西南日本産花崗岩類中,それぞれ起源を共通する2時期のものについて全岩および含有黒雲母の化学組成を検討した結果,次のとおりいちじるしい差異が見いだされた。
(1) 後期中生代-初期第三紀花崗岩類:岩石の固化指数 (ST) の減少に伴って全岩・黒雲母ともにFe/Mg比が増加し,しかもその値の差が小さい。含有磁鉄鉱量も小さく通常1.5%以下である。
(2) 古第三紀田万川深成岩類:全岩・黒雲母のFe/Mg比は岩石が斑糲岩から花崗閃緑岩に進化する過程では増加する。しかし,花崗閃緑岩から花崗岩への進化過程では黒雲母のFe/Mg比はいちじるしく減少し,全岩の同比と逆の傾向を示す。含有磁鉄鉱量はいちじるしく多く(通常1~4%,ときに以上),この磁鉄鉱は黒雲母を交代し,さらに間隙充?を示すものが普通的に存在する。

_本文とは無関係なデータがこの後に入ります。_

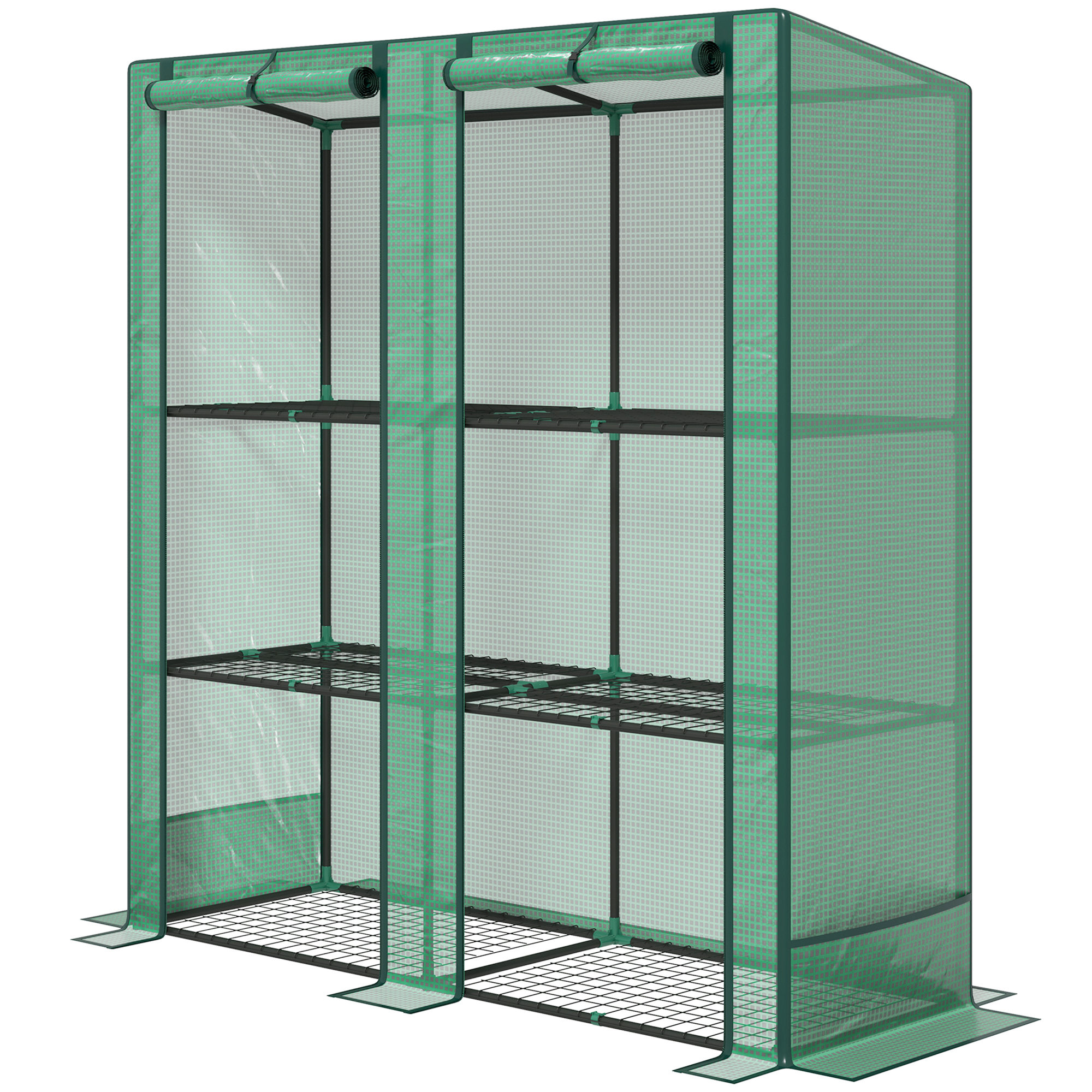 Mini siltumnīca ar 3 līmeņu plauktu, plastmasas pārsegu, UV staru izturīgu, pārnēsājamu, ruļļveida durvīm, 144 x 48 x 152 cm, zaļa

以上の諸性状をもとにて考察した結果,(1) の花崗岩類は酸素分圧のやや減少する条件下で形成されたもので,(2) の深成岩類は酸素分圧がほとんど一定か,やや増加する条件下の性成と推定される。(2) のような深成岩類は一般に鍋状陥没地の深成岩類に特有で,酸素の少なくとも一部は大気中より何等かの経路を経て供給されたものであろう。このような深成岩類では黒雲母の分解に伴ってアルカリ長石の組成も急変し,いわゆる逆ラバキビ組織の形成をみる。したがって田万川深成岩類中の含有鉱物の反応系列(Fig. 17)は一般の花崗岩類におけるものと可成り異なっている。